Rumah Adat dari Desa Ranggung Usia 130 Tahun
Di tengah derasnya arus modernisasi, sebuah warisan leluhur di Desa Ranggung, Kecamatan Payung, Kabupaten Bangka Selatan, justru berdiri tegak menantang zaman. Rumah tua yang kini dikenal sebagai Rumah Adat Pelideh, bukan sekadar bangunan kayu biasa, ia adalah simbol kekuatan budaya, identitas, dan kebanggaan masyarakat Bangka Belitung.
Rumah ini dibangun dengan penuh kesabaran dan ketelitian selama kurang lebih tiga tahun oleh para leluhur terdahulu. Namun yang mencengangkan, hasil dari kerja keras tersebut mampu bertahan hingga lebih dari 130 tahun lamanya.
Warisan Leluhur yang Tak Lekang oleh Waktu; Rumah ini awalnya didirikan oleh seorang tokoh masyarakat terpandang bernama Hasyim bin Hapsa, dengan proses pembangunan yang dipimpin oleh Shao Fong. Pada masanya, rumah ini dikenal sebagai salah satu hunian paling megah di wilayah tersebut.
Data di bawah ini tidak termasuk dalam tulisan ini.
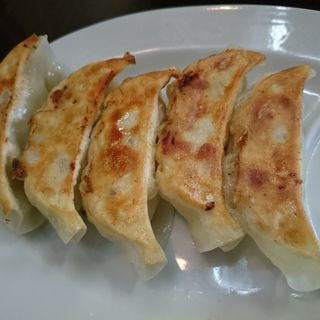 ギョーザ(らーめん純輝 八千代店)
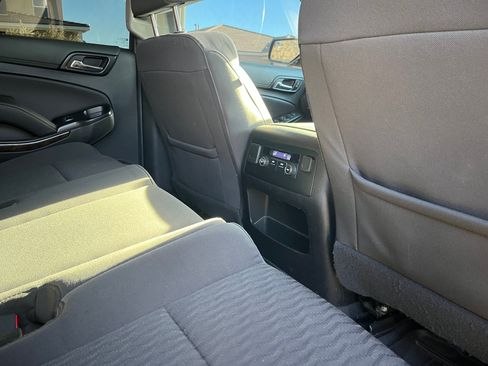 Used 2020 Chevrolet Tahoe LS image 14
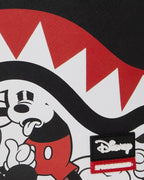 🔥🔥 Sprayground x Disney Mickey Crammed Backpack Bookbag Large School Bag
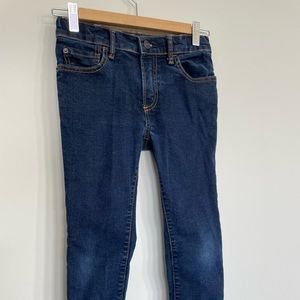 Boys jeans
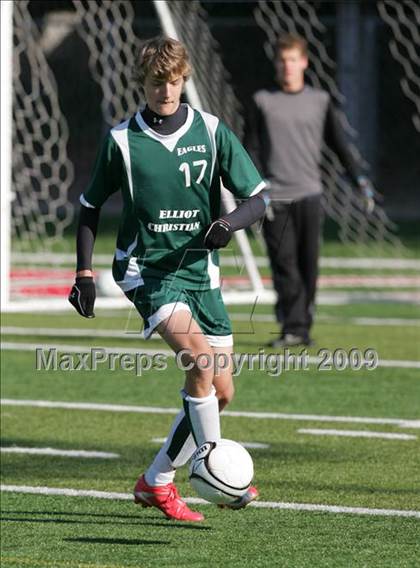 Thumbnail 1 in Elliot Christian @ Tioga (CIF SJS D7 Final) photogallery.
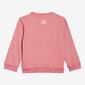 adidas Essentials - Rosa - Chándal Bebé adidas Essentials - Rosa - Chándal Bebé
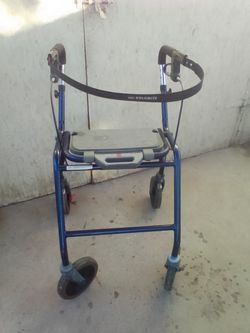 Dalomite Walker $40 Firm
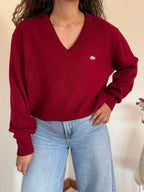 Camisola Lacoste 51% Wool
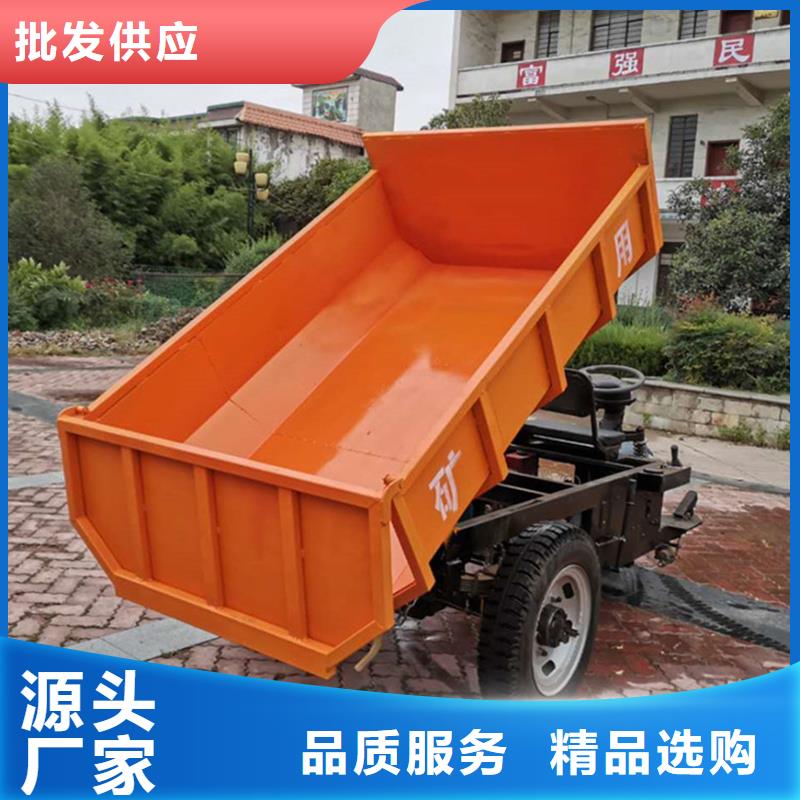 供應(yīng)（瑞迪通）電動工程三輪車_誠信廠家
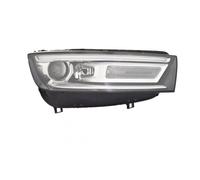 Faro bixeno D5S-H8-PY24W con luce diurna a led dx per Audi Q5 11/2016 in poi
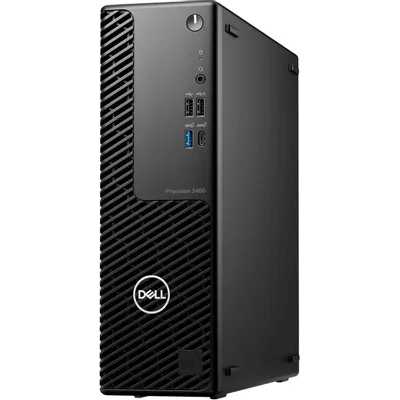Компьютеры DELL Precision 3460 SFF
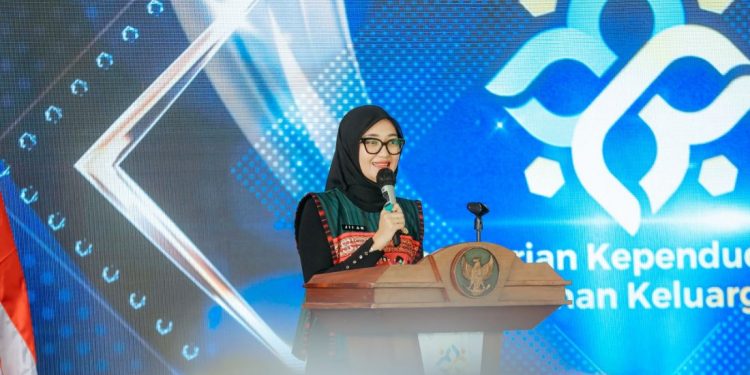 Pemprov Lampung & BKKBN Ajak Masyarakat Wujudkan Keluarga Berkualitas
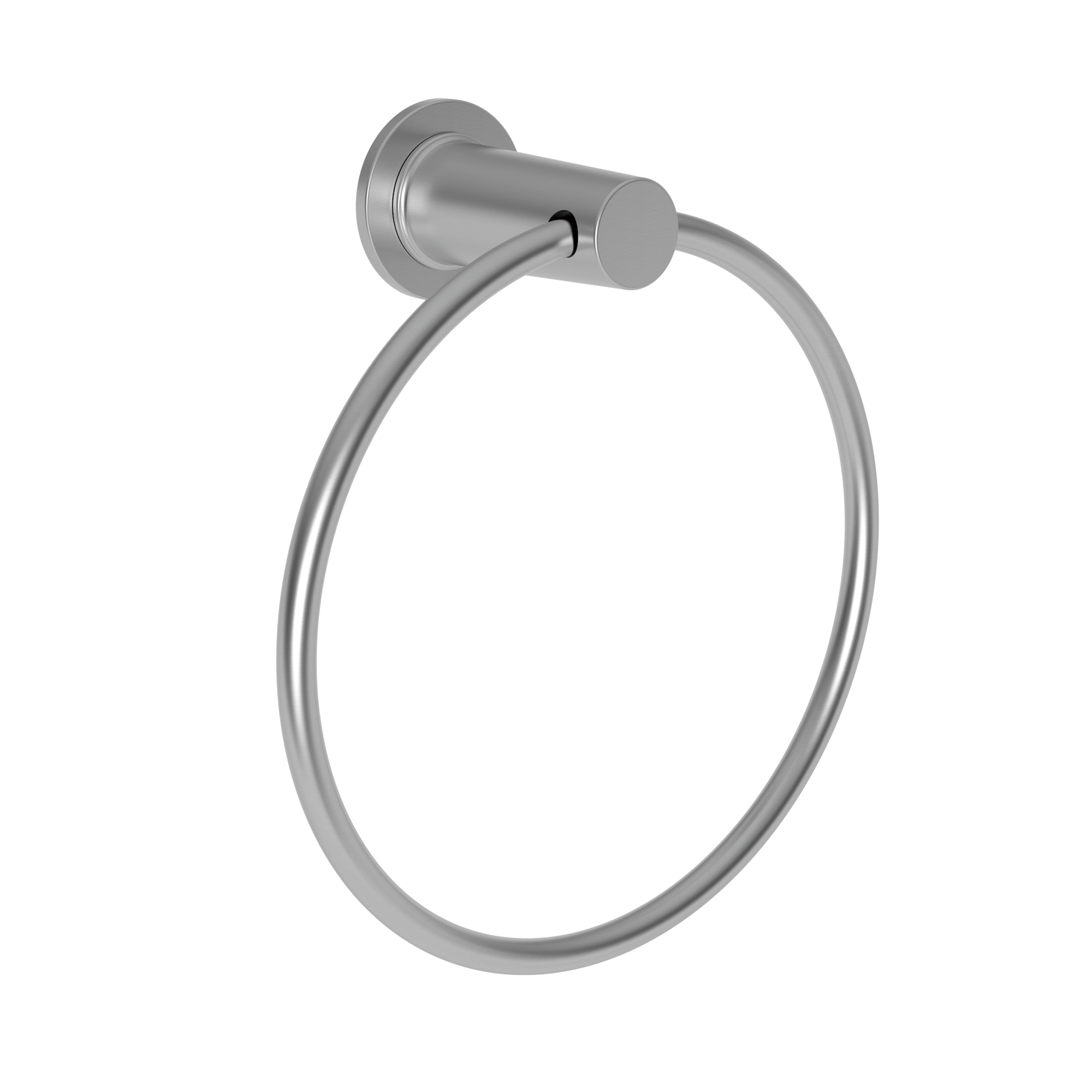 Newport Brass Dorrance Round Open Style Towel Ring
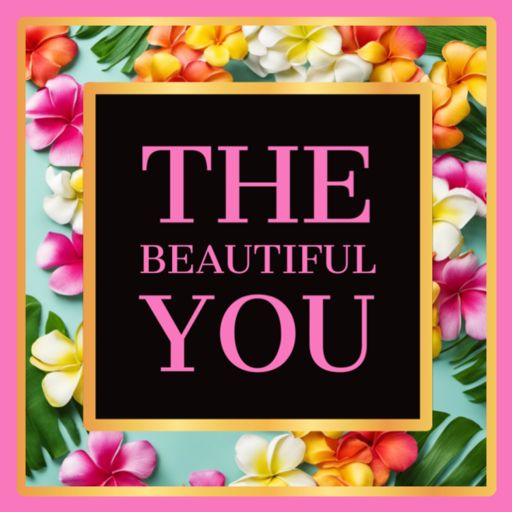 Cover art for podcast The Beautiful You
Kini, rumah tersebut tidak hanya menjadi tempat tinggal, tetapi juga menjadi saksi bisu perjalanan sejarah dan budaya masyarakat Melayu Bangka Selatan. Dari generasi ke generasi, rumah ini terus dirawat dan diwariskan sebagai simbol kehormatan keluarga sekaligus identitas daerah.
Lebih dari Sekadar Bangunan: Ini Simbol Jati Diri. Yang membuat Rumah Pelideh begitu istimewa bukan hanya usianya, tetapi nilai filosofis yang terkandung di dalamnya. Dibangun dengan teknik tradisional khas Melayu, rumah ini mencerminkan kearifan lokal dalam menghadapi alam sekaligus menjaga keseimbangan hidup.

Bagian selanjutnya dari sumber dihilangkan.